O termo, certamente, guarda relação com o efeito inebriante do vinho, sinal sacramental do Sangue do Senhor, mas a expressão não deixa de ser inquietante, principalmente se considerarmos o ângulo negativo com o qual as Sagradas Escrituras vêem a embriaguez (a possível exceção de Pr 31,6-7 parece mais ser uma amarga ironia):

“Coisa luxuriosa é o vinho, e perturbadora o licor: quem se delicia com eles não será sábio” (Pr 20,1). 

“Não convém aos reis beber vinho nem aos magistrados gostar de bebida inebriante: porque, ao beberem, esquecem-se dos julgamentos e pervertem a causa de todos os pobres” (Pr 31,4-5; ainda Pr 23,31-34; 1Pd 4,3; 1Tm 3,3 e outras passagens).

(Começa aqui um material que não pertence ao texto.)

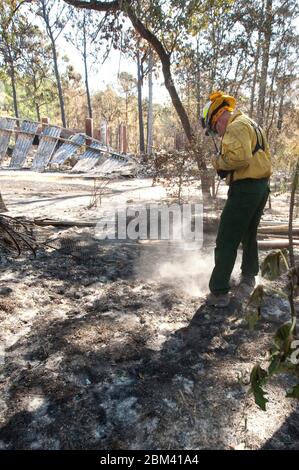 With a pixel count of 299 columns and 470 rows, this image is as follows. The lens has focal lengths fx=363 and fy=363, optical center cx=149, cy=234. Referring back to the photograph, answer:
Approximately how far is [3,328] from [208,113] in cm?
248

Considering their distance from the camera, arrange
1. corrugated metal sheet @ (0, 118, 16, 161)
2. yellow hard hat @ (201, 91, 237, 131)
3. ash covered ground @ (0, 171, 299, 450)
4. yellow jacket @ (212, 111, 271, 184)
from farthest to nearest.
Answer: corrugated metal sheet @ (0, 118, 16, 161) → yellow hard hat @ (201, 91, 237, 131) → yellow jacket @ (212, 111, 271, 184) → ash covered ground @ (0, 171, 299, 450)

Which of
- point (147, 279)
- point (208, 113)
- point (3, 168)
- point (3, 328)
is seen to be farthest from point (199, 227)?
point (3, 168)

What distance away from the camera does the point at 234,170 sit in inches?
123

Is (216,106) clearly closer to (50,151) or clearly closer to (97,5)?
(97,5)

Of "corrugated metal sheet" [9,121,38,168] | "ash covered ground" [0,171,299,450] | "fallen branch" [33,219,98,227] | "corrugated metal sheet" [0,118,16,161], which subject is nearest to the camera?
"ash covered ground" [0,171,299,450]

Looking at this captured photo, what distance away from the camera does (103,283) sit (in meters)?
3.91

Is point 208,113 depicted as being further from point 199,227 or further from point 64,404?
point 199,227

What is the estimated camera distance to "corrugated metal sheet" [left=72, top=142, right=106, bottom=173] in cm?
1683

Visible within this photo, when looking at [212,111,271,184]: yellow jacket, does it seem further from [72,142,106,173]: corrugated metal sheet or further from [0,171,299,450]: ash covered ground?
[72,142,106,173]: corrugated metal sheet

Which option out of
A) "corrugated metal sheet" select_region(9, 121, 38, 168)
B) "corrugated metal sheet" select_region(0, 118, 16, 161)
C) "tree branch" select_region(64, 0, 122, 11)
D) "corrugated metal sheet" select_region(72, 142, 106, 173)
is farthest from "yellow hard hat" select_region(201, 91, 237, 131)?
"corrugated metal sheet" select_region(0, 118, 16, 161)

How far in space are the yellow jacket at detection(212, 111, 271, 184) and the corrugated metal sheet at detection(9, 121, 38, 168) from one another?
51.4 ft

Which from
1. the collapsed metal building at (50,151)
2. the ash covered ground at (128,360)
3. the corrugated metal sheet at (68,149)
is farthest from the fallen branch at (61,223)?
the corrugated metal sheet at (68,149)

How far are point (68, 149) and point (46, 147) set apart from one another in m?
1.07

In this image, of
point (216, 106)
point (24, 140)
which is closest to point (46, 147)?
point (24, 140) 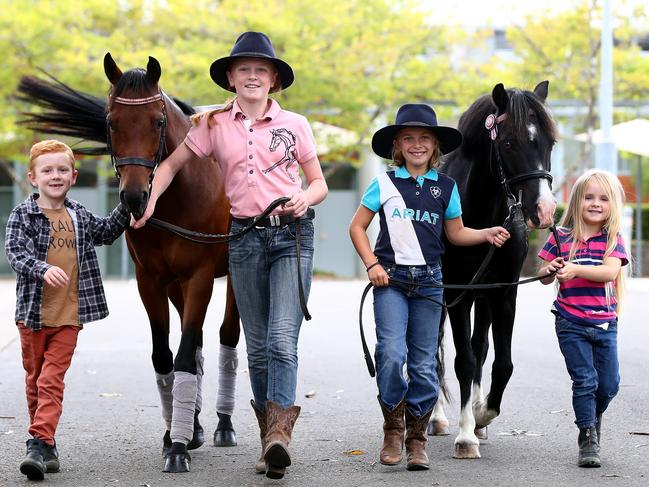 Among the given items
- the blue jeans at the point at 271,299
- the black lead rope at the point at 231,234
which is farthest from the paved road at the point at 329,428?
the black lead rope at the point at 231,234

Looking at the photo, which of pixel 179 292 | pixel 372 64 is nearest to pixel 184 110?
pixel 179 292

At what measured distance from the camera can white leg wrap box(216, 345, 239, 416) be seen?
6914 millimetres

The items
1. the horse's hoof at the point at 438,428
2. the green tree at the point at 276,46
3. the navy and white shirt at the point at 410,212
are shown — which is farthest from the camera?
the green tree at the point at 276,46

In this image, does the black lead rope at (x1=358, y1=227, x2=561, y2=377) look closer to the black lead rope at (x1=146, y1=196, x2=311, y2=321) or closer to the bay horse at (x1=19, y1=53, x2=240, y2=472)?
the black lead rope at (x1=146, y1=196, x2=311, y2=321)

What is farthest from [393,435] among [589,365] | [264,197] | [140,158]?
[140,158]

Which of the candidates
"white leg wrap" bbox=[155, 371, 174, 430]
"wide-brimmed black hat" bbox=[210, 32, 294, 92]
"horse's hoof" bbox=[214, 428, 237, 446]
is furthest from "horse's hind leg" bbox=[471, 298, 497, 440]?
"wide-brimmed black hat" bbox=[210, 32, 294, 92]

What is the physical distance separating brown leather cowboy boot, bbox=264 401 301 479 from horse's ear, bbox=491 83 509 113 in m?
1.95

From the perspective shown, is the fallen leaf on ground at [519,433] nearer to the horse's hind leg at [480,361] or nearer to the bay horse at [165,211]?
the horse's hind leg at [480,361]

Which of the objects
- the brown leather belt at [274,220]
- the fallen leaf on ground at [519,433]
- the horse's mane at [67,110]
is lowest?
the fallen leaf on ground at [519,433]

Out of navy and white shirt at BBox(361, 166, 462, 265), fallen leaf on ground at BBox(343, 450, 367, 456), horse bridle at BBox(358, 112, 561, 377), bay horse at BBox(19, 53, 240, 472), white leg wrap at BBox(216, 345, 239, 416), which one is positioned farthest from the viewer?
white leg wrap at BBox(216, 345, 239, 416)

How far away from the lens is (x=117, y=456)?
6445 mm

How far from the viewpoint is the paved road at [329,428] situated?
5797 millimetres

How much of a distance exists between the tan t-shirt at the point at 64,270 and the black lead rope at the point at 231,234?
43 cm

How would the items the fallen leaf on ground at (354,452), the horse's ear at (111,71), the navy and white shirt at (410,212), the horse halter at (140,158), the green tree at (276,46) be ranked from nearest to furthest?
the horse halter at (140,158), the horse's ear at (111,71), the navy and white shirt at (410,212), the fallen leaf on ground at (354,452), the green tree at (276,46) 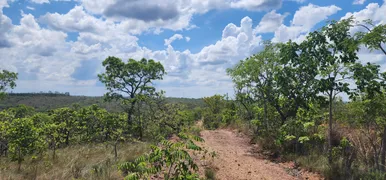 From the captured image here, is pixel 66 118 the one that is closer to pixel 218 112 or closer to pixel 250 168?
pixel 250 168

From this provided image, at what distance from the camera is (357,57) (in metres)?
6.73

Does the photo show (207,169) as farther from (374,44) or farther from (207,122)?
(207,122)

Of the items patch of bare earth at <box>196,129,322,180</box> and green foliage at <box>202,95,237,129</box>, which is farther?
green foliage at <box>202,95,237,129</box>

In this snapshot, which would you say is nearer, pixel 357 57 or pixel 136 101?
pixel 357 57

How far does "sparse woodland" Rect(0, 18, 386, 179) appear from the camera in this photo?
5.97 m

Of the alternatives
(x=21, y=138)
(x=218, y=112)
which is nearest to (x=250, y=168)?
(x=21, y=138)

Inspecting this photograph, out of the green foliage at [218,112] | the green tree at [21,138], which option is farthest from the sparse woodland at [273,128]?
the green foliage at [218,112]

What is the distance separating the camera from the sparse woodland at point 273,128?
5968 mm

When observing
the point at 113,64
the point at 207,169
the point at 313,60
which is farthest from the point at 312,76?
the point at 113,64

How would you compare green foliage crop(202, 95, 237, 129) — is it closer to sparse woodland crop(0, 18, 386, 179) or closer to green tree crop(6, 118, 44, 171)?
sparse woodland crop(0, 18, 386, 179)

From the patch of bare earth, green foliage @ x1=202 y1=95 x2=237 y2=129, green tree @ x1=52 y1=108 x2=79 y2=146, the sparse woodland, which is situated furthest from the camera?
green foliage @ x1=202 y1=95 x2=237 y2=129

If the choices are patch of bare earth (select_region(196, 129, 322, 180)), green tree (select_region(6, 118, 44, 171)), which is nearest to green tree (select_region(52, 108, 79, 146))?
green tree (select_region(6, 118, 44, 171))

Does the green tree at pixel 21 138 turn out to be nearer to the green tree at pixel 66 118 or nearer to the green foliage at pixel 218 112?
the green tree at pixel 66 118

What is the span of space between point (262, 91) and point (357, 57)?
4.99 metres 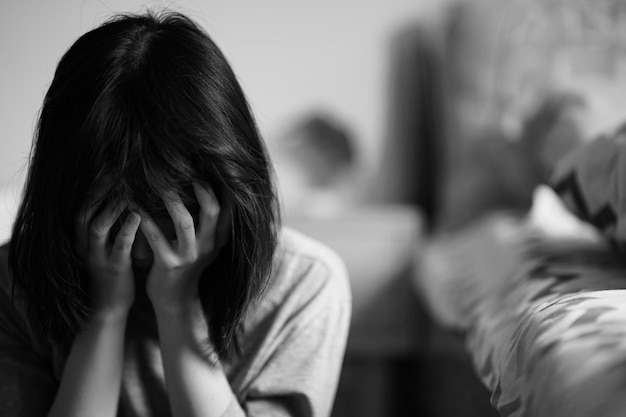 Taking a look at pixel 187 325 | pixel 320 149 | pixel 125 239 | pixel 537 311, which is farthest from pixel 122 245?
pixel 320 149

Foto ilustrativa: Daniel Mafra / cancaonova.com

Obviamente, aqui não se trata de uma embriaguez física, de quem se excede na bebida, mas de algum efeito espiritual que se compara, analógica e simbolicamente com os efeitos produzidos pelo vinho. Quais seriam esses efeitos?

A alegria da salvação

Em diversas passagens da Bíblia, o vinho aparece como sinal de alegria: “O vinho foi criado para a alegria” (Eclo 31,35), fala o Sirácides; “alegria da alma, júbilo e prazer do coração é o vinho bebido, com moderação, a seu tempo” (Eclo 31,36). Mais ainda, ele simboliza a alegria da salvação trazida por Deus, descrita, por exemplo, pelo profeta Isaías como “um banquete de vinhos finos, de carnes suculentas e vinhos depurados” (Is 24,6).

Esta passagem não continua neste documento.